Notwithstanding the foregoing, if an Optionee ceases to be a Board Member of the
Company for any reason, except death and disability, he or she may, but only
within ninety (90) days after the date he or she ceases to be a Board Member of
the Company, exercise his or her Option to the extent that he or she was
entitled to exercise it at the date of such termination, and in the case of the
Optionee's death or disability, the Optionee (or the Administrator or Executor
or other Representative of the Optionee's estate) may, but only within one (1)
year after the date he or she ceases to be a Board Member of the Company due to
death or disability, exercise his or her Option to the extent that he or she was
entitled to exercise it at the date of such termination; provided, however that
in no event may the Option be exercised after the ten (10) year term has
expired. To the extent that the Optionee was not entitled to exercise an Option
at the date of such termination, or if he or she does not exercise such Option
(which he or she was entitled to exercise) within the time specified herein, the
Option shall terminate.

              6. Adjustments Upon /Changes in Capitalization; Other Adjustments.
Subject to any required action by the shareholders of the Company, the number of
Shares and the Exercise Price shall be proportionately adjusted for any increase
or decrease in the number of issued shares of Common Stock resulting from a
stock split, reverse stock split, combination,

<PAGE>
reclassification, the payment of a stock dividend on the Common Stock or any
other increase or decrease in the number of shares of Common Stock of the
Company effected without receipt of consideration by the Company; provided,
however, that conversion of any convertible securities of the Company shall not
be deemed to have been "effected without receipt of consideration." Such
adjustment shall be made by the Board, whose determination in that respect shall
be final, binding and conclusive. Except as expressly provided herein, no issue
by the Company of shares of stock of any class, or securities convertible into
shares of stock of any class, shall affect and no adjustment by reason thereof
shall be made with respect to, the number of shares subject to, or the Exercise
Price of, this Option.

              The Board may, if it so determines in the exercise of its sole
discretion, also make provision for adjusting the number of shares, as well as
the Exercise Price, in the event that the Company effects one or more
reorganizations, recapitalizations, rights offerings, or other increases or
reductions of shares of its outstanding common stock, and in the event of the
Company being consolidated with or merged into any other corporation; provided,
however, that in no event shall the Optionee be adversely affected by such
adjustment.

              The Board may, if it so determines in the exercise of its sole
discretion, also make provision for changing, modifying, amending or adjusting
any of the terms of this Option solely in order for the Company to perfect a
significant financing; provided, however, that in no event shall the Optionee be
adversely affected by such adjustment.

              7. Rights of Shareholder. Optionee shall have no rights as a
shareholder with respect to the shares until the date of the issuance or the
transfer to the Optionee of the certificate(s) for such shares and only after
the Exercise Price for such shares has been paid in full.

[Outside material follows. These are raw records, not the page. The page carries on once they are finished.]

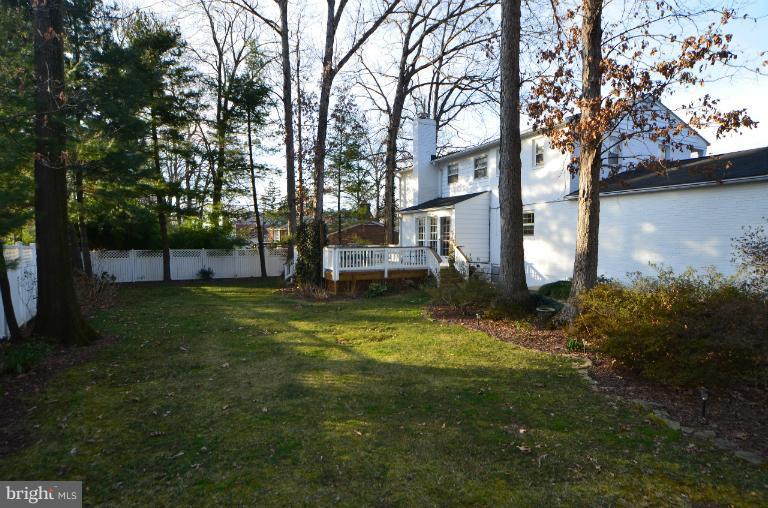 406 Old Courthouse Road Northeast Vienna, VA 22180 - Photo 9 of 28 Exterior (Rear)
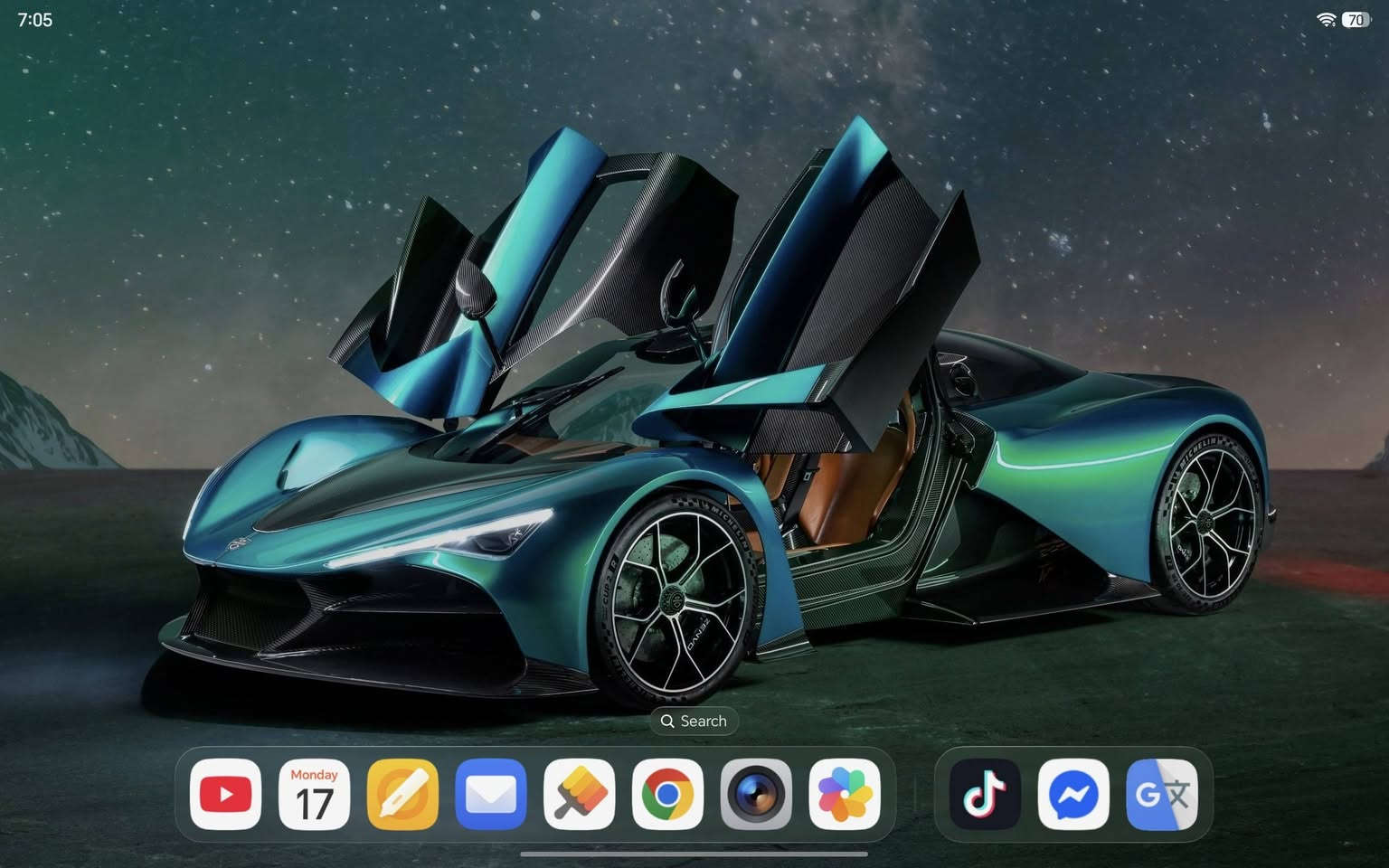 HONOR Pad 10  |  جبار للألعاب والدراسة الذكية 🚀
للبيع تابليت هونر باد 10 بحالة الوكالة (نظافة 99% استخدام شهر واحد فقط)، وحش حقيقي بالأداء والمواصفات:
أداء ألعاب جبار : مدعوم بمعالج Snapdragon 7 Gen 3 وشاشة بسلاسة 120Hz، يشغل أقوى الألعاب (مثل ببجي وغيرها) على أعلى معدل إطارات 120 فريم وبدون أي تقطيع.

توافق تام مع الجوستكات: يدعم ربط جميع أذرع تحكم البلايستيشن (PlayStation Joysticks) بسهولة لتجربة لعب احترافية.

الخيار الذكي  للدراسة: مجهز بأحدث أدوات MagicOS المدعومة بأقوى نماذج الذكاء الاصطناعي لتلخيص النصوص، إدارة المهام، وتسهيل الدراسة والعمل بشكل استثنائي.
شاشة وبطارية عملاقة: شاشة فائقة الوضوح بحجم كبير مع بطارية ضخمة 10,100 mAh تدوم لأيام من الاستخدام المكثف.

محتويات العرض والملحقات : ⛓‍💥
الجهاز: التابلت بحالة الزيرو تماماً.
حافظة الكيبورد المدمجة يعني حافظة وكيبورد  (ملاحظة: يوجد كسر بسيط جداً في ظهر الحافظة الخارجية موضح بالصور، مجرد شكل خارجي ولا يؤثر إطلاقاً على عمل الكيبورد أو حماية الجهاز).
قلم Honor الأصلي (هدية): يدعم تقنية  راحة اليد (Palm Rejection) لتكتب وترسم بكل سلاسة مثل الورق 

💵 السعر  : 410,000 دينار عراقي فقط.
📍 التواصل: واتساب فقط ***********
يتوفر توصيل جميع محافظات العراق  وبي مجال لهل جبله
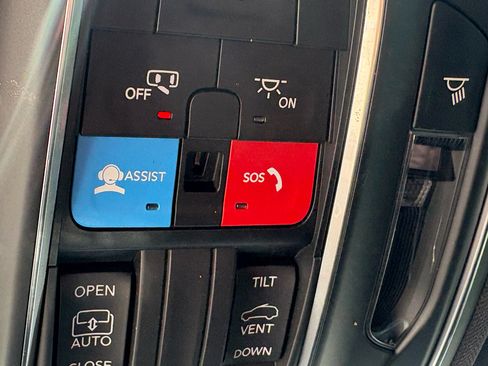 Used 2025 Jeep Grand Cherokee Altitude RWD image 25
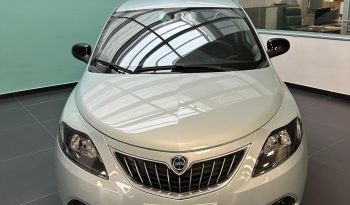 Lancia Ypsilon 1.0 Hybrid 70 CV – Platino, CarPlay E Retrocamera pieno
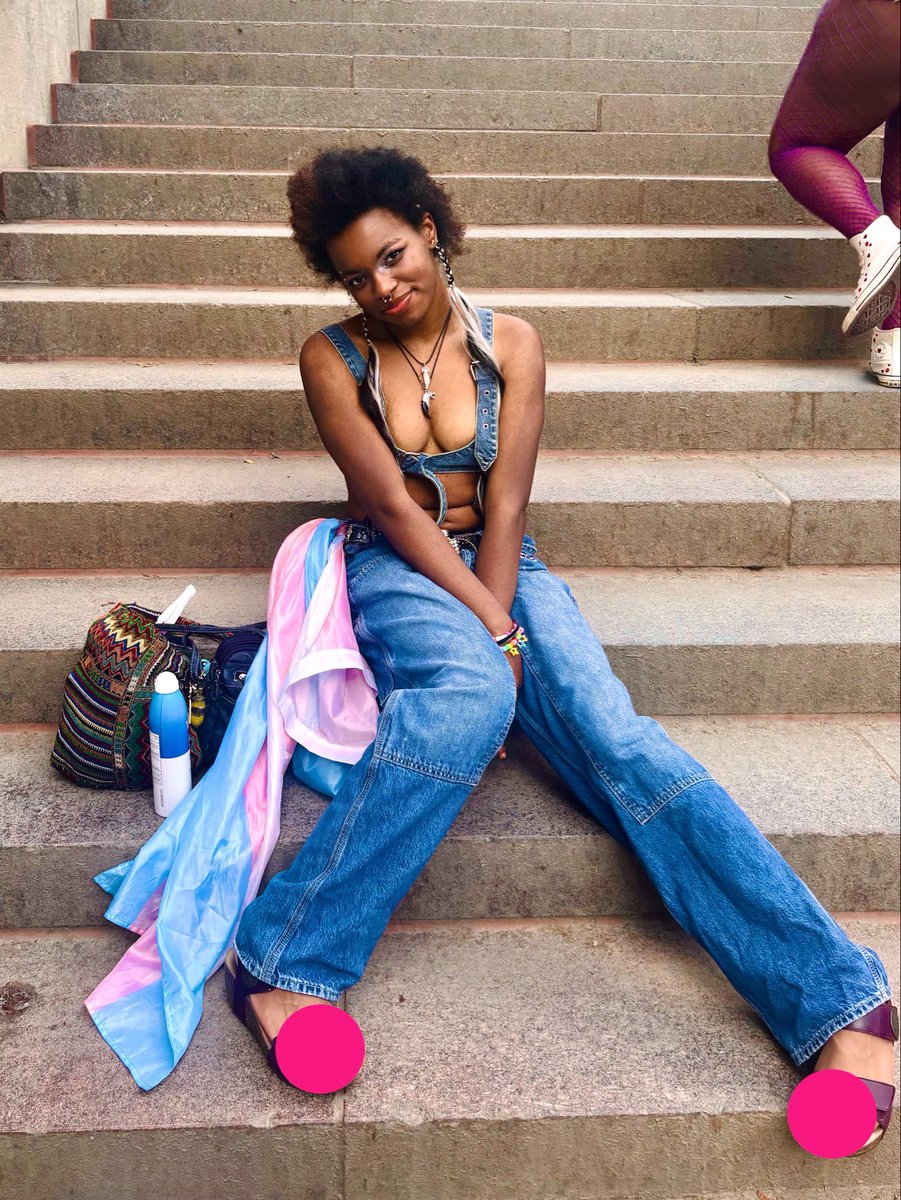http_lavtrqw's tweet photo. pride pt. 2!!!! 🏳️‍⚧️

(if you wanna see my feet you either gotta pay or go like and comment on my insta post
one is easier than the other)

#wlw #pride #lgbtq https://t.co/1y621WhnQH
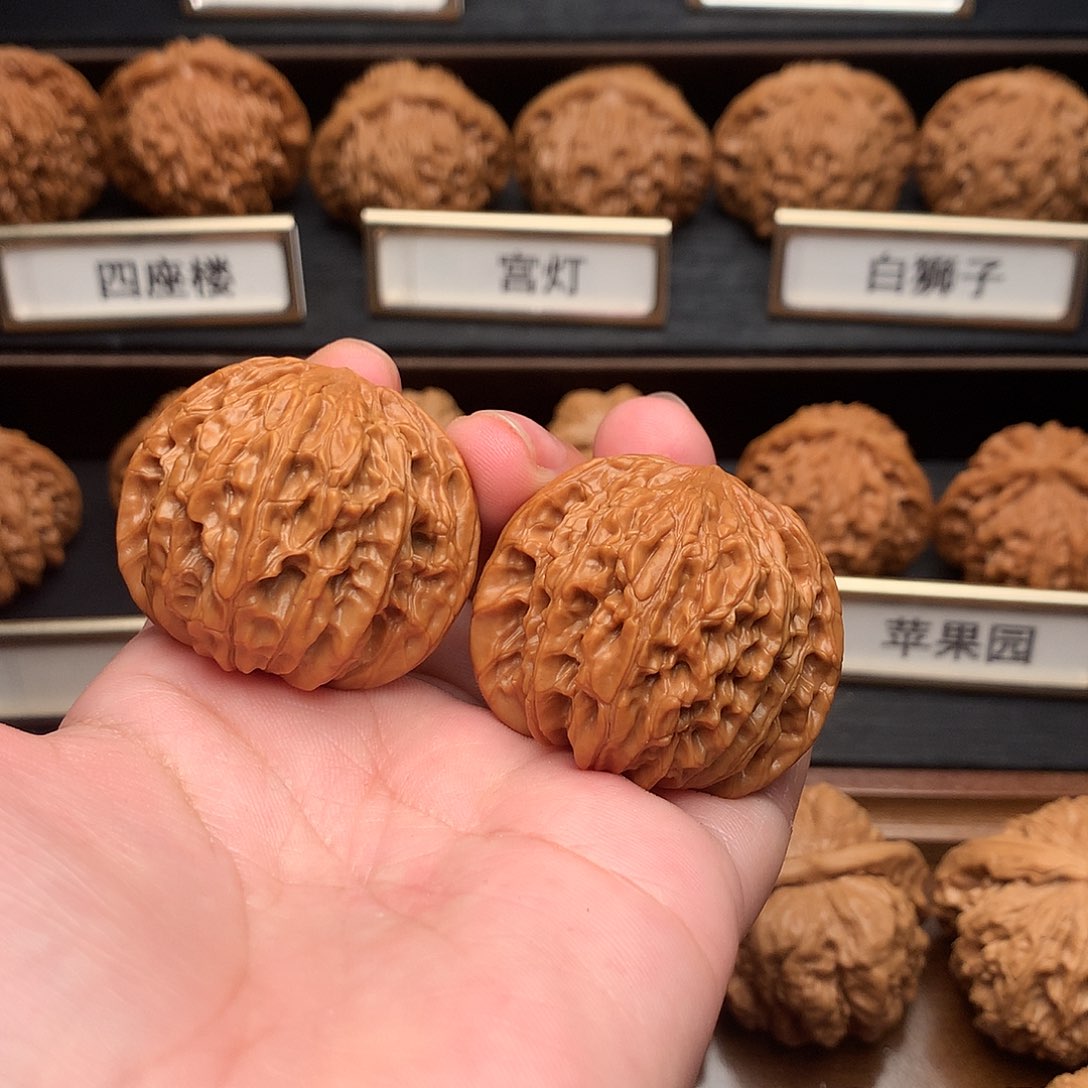 文玩核桃吊坠48号正磨39+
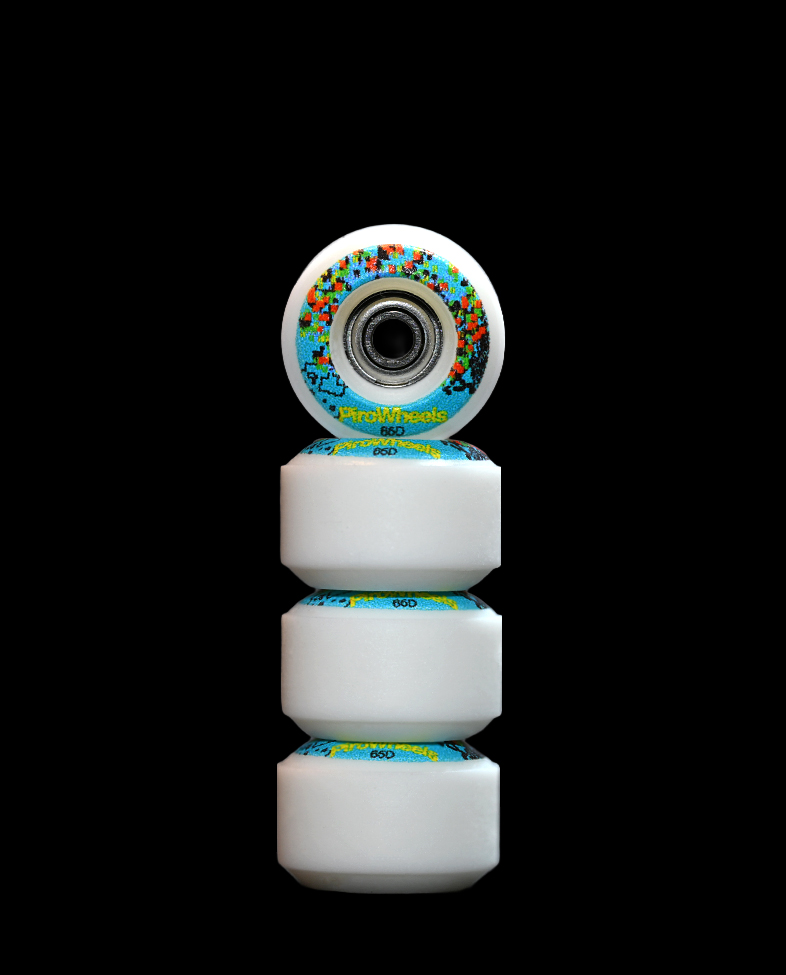 Technicolor – White Reversible Real Wear Graphic 8mm Street RS Wheels (P3)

              8. Amendment. Except as set forth in Section 6, this Agreement may
not be amended without the written consent of the Optionee.

              9. Income Tax Withholding. The Optionee authorizes the Company to
withhold, in accordance with applicable law from any compensation payable to him
or her, any taxes required to be withheld by federal, state or local laws as a
result of the exercise of this Option. Furthermore, in the event of any
determination that the Company has failed to withhold a sum sufficient to pay
all withholding taxes due in connection with the exercise of this Option, the
Optionee agrees to pay the Company the amount of such deficiency in cash within
five (5) days after receiving a written demand from the Company to do so,
whether or not Optionee is an employee or director of the Company at that time.

              10. Investment Representations; Legends.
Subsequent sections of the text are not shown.